“You’re fine,” said Quinn.
“Yeah, I’m a beauty, all right. Anyway, that’s how I got into the recruitment biz for World.”
“Stella-”
“I do like strong men, Terry. The shrink was right about that.”
She slid over on the seat so that she was close to him. Quinn could feel her warm breath on his face.
“That’s not a good idea,” he said.
“Don’t worry, green eyes, I’m not gonna hurt you. I was just lookin’ for a little love. A hug, is all.” She moved back against the passenger-side door, her face colored by the vapor lights of the lot. Quinn could see that her eyes had teared up behind the lenses of her glasses.
“I’m sorry, Stella.”
“Ain’t no big thing,” she said, a catch in her voice. She turned her face away from him and stared out the window.
They sat awhile longer, watching the uniformed cops moving in and out of the station. A minivan pulled into the lot. A man and a woman got out of it and hurried inside. Stella laughed joylessly, watching them.
“I love happy endings,” said Stella.
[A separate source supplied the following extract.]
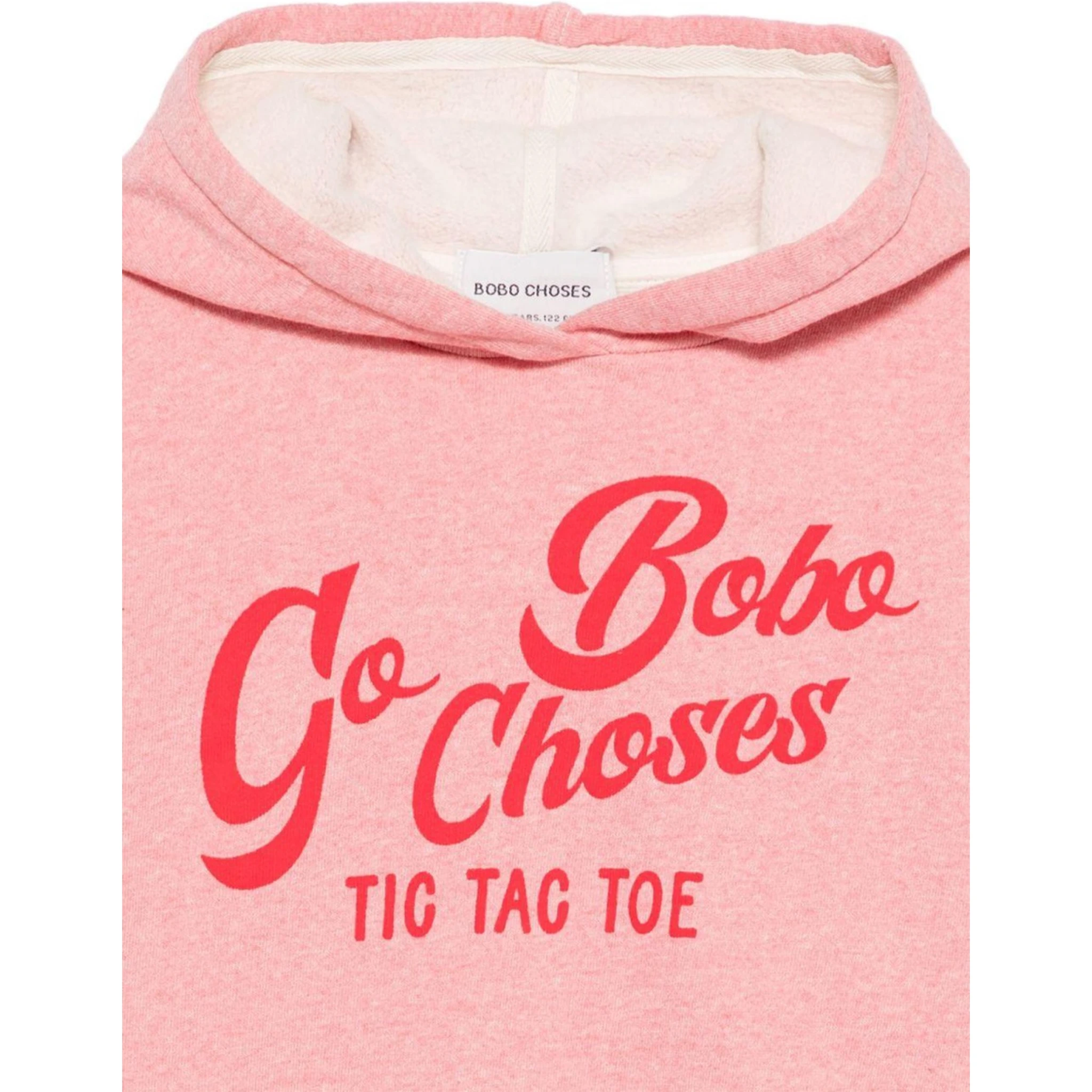 "TIC TAC TOE" LOGO SHIRT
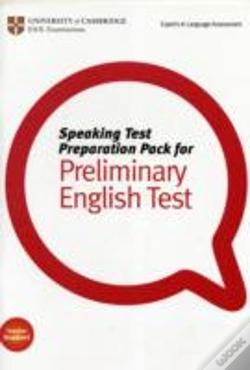 Capa do artigo Speaking Test Preparation Pack For Pet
The hard shell had returned to her face.
“You don’t have to go back to working for Wilson. You know that, don’t you?”
“Yeah, I know. Damn right, I am somebody, and all that.”
“I’m serious. And we both know it’s not safe. One of these days he’s gonna find out you been playin’ him for the middle.”
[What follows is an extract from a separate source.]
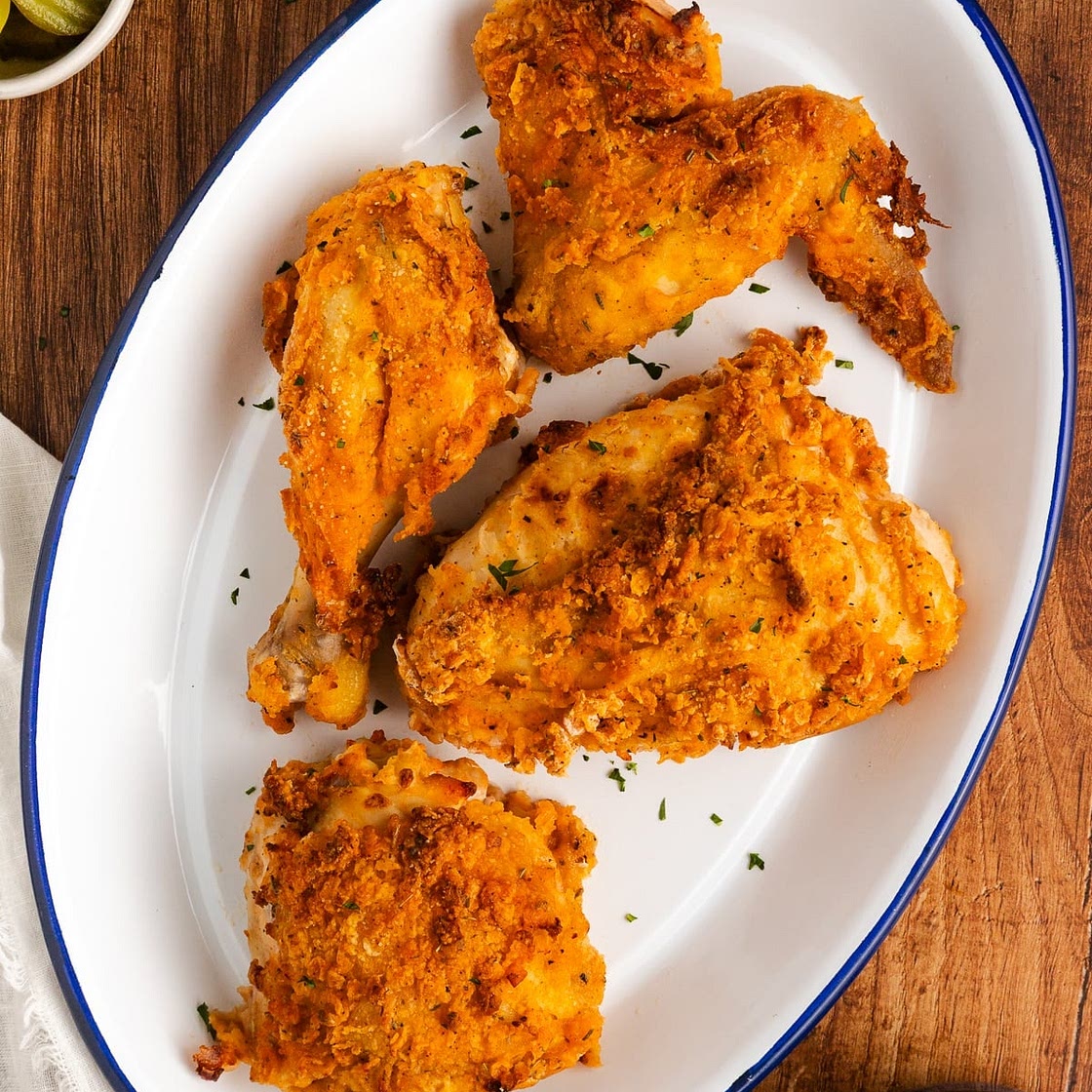 Air Fryer Fried Chicken Recipe
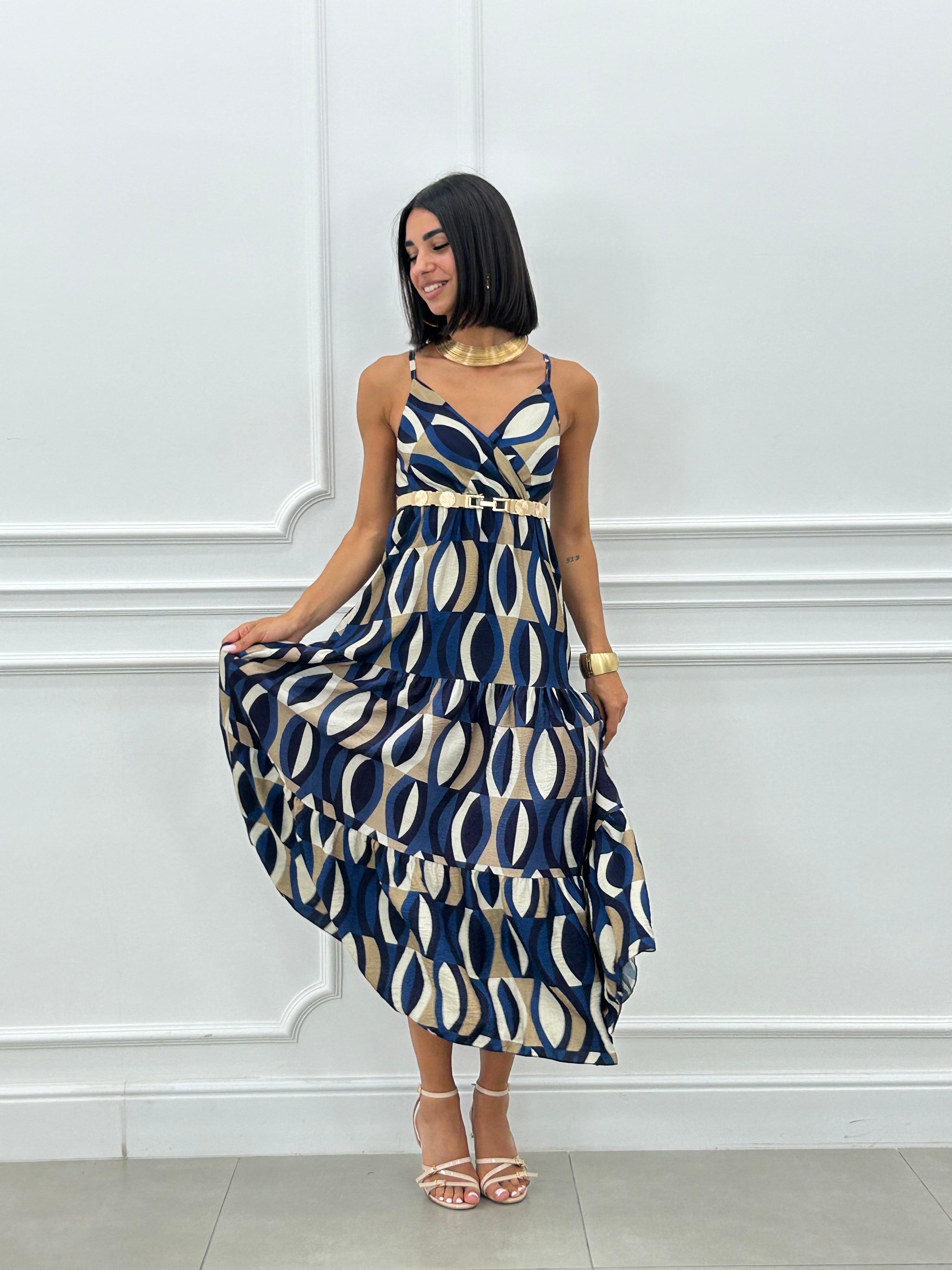 DRESS FANTASIA NEW SS25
“You didn’t give me up to him back there, did you? You didn’t say my name or nothin’ like that.”
“No.”
“Course not. There wasn’t nothin’ in it for you.”
“That’s not the only reason people do or don’t do what they do,” said Quinn.
“Yeah, okay, whatever.” Stella lit another cigarette. “Just so I get paid.”
A half hour later Tracy emerged from the station. Stella climbed into the back and Tracy took the shotgun seat.
“Everything go okay?” said Quinn.
“The parents have her,” said Tracy. “They’re taking her home. I can’t tell you if it’s going to stick.”
She drank a beer and Quinn drank another as they drove back into D.C. Quinn parked the van on 23rd, alongside the church.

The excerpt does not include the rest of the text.